=== Section Start ===

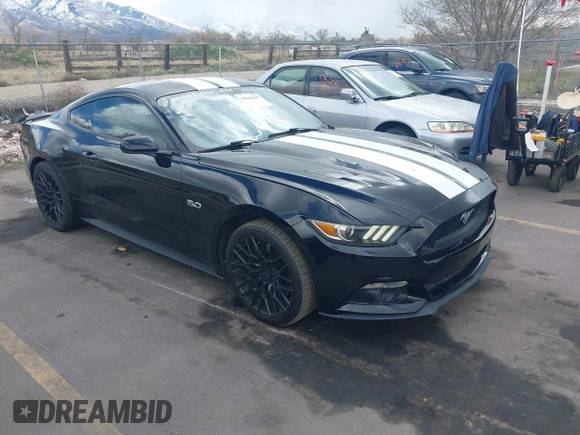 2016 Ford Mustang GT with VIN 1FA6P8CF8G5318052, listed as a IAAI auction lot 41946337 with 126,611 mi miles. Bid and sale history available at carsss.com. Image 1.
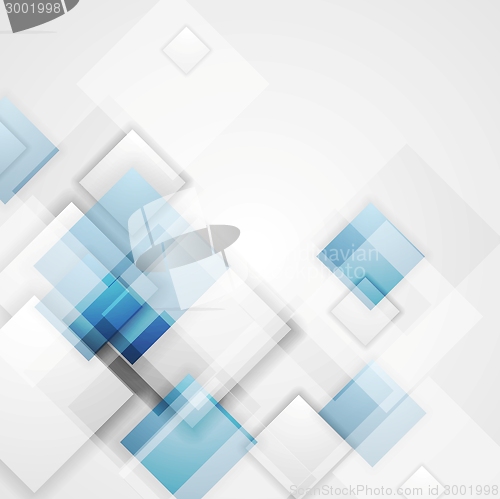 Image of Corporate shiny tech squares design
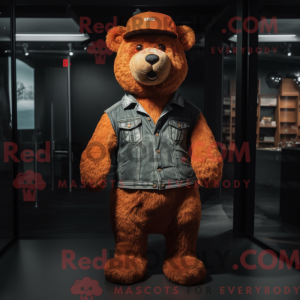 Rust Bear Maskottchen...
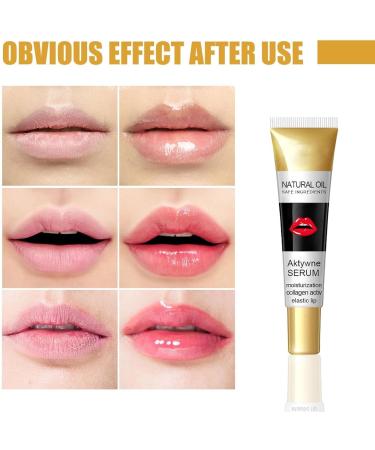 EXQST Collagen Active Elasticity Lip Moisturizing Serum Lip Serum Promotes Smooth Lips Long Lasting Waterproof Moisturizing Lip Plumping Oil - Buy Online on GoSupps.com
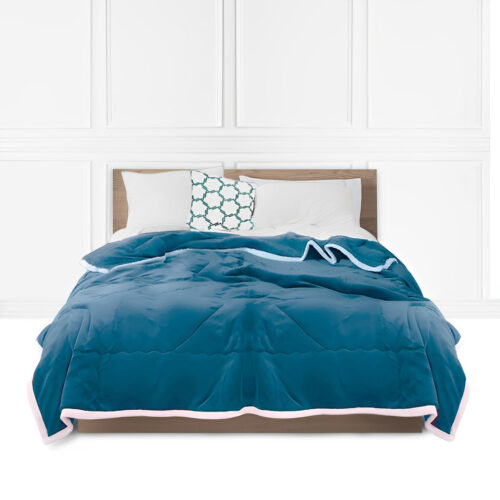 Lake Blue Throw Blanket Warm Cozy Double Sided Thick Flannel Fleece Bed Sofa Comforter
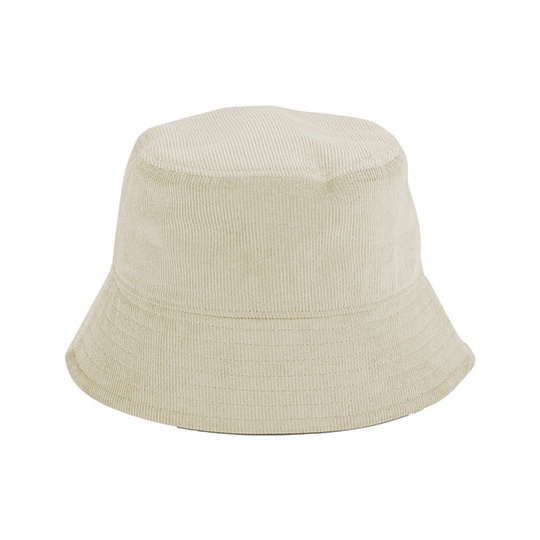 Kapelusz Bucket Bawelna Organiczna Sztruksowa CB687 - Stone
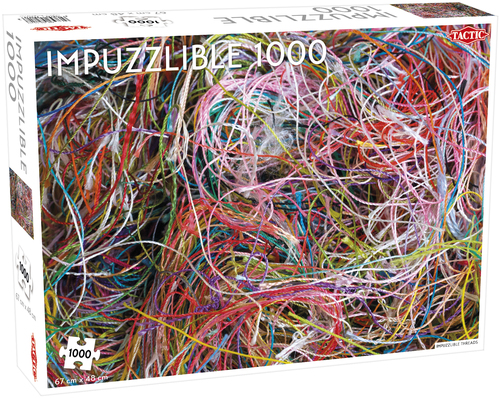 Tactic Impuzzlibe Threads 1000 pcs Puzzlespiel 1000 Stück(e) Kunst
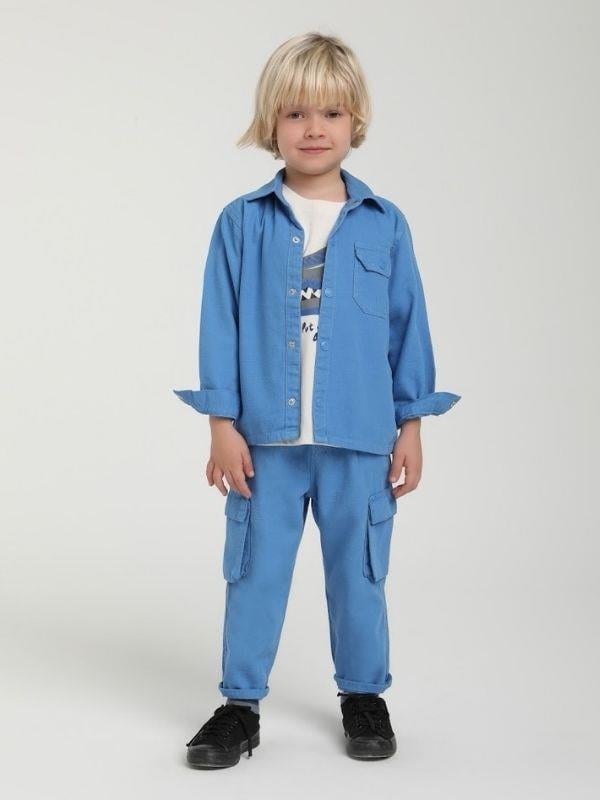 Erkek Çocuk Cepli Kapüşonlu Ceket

=== Section End ===
=== Section Start ===

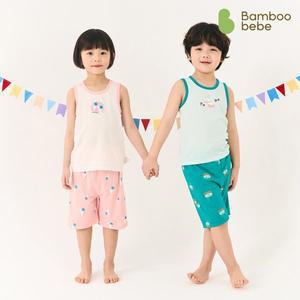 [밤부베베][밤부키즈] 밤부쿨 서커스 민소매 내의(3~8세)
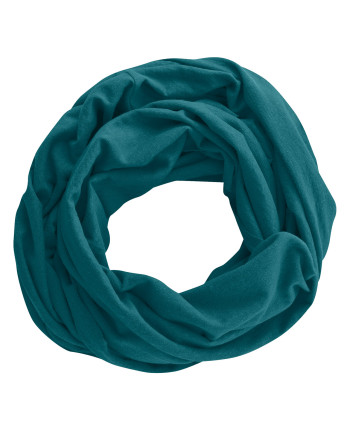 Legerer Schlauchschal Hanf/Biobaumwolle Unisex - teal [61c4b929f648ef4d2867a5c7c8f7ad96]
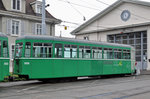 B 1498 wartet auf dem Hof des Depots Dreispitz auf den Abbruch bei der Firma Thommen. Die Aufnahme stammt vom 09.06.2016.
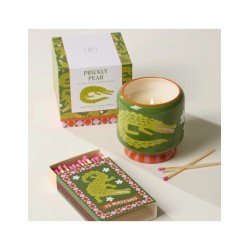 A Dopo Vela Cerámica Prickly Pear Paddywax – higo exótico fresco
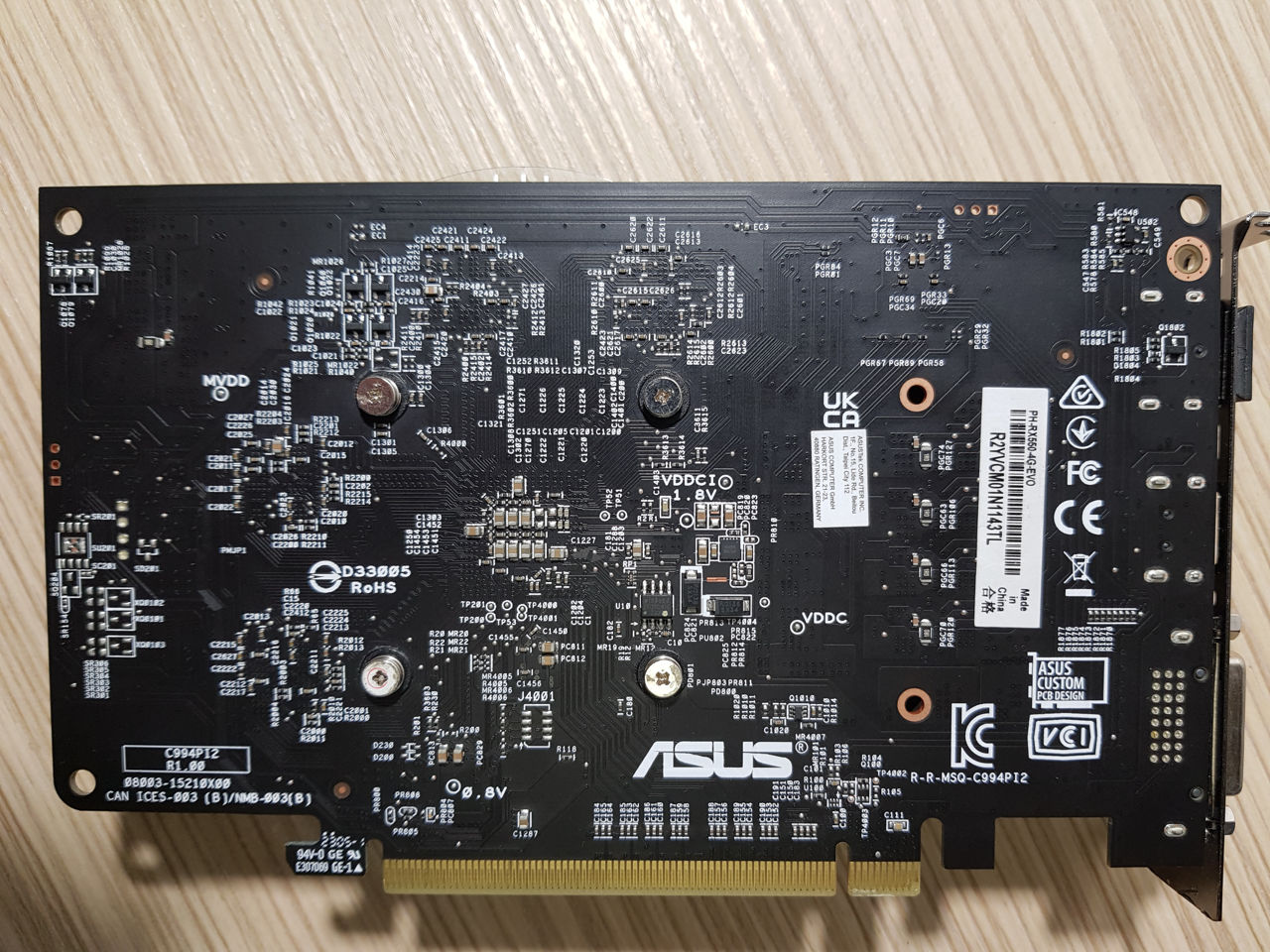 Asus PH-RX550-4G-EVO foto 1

=== Section End ===
=== Section Start ===

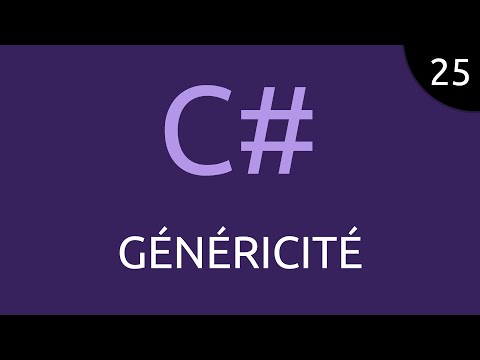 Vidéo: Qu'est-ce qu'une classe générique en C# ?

=== Section End ===

* **Task item**
The lines above starting at the one that holds "Legerer Schlauchschal Hanf/Biobaumwolle" and ending at the one that holds "Asus PH-RX550-4G-EVO foto 1" are to be written out exactly, ends included, and no pictures are to be copied.

* **Written answer**
 Legerer Schlauchschal Hanf/Biobaumwolle Unisex - teal [61c4b929f648ef4d2867a5c7c8f7ad96]
 B 1498 wartet auf dem Hof des Depots Dreispitz auf den Abbruch bei der Firma Thommen. Die Aufnahme stammt vom 09.06.2016.
 A Dopo Vela Cerámica Prickly Pear Paddywax – higo exótico fresco
 Asus PH-RX550-4G-EVO foto 1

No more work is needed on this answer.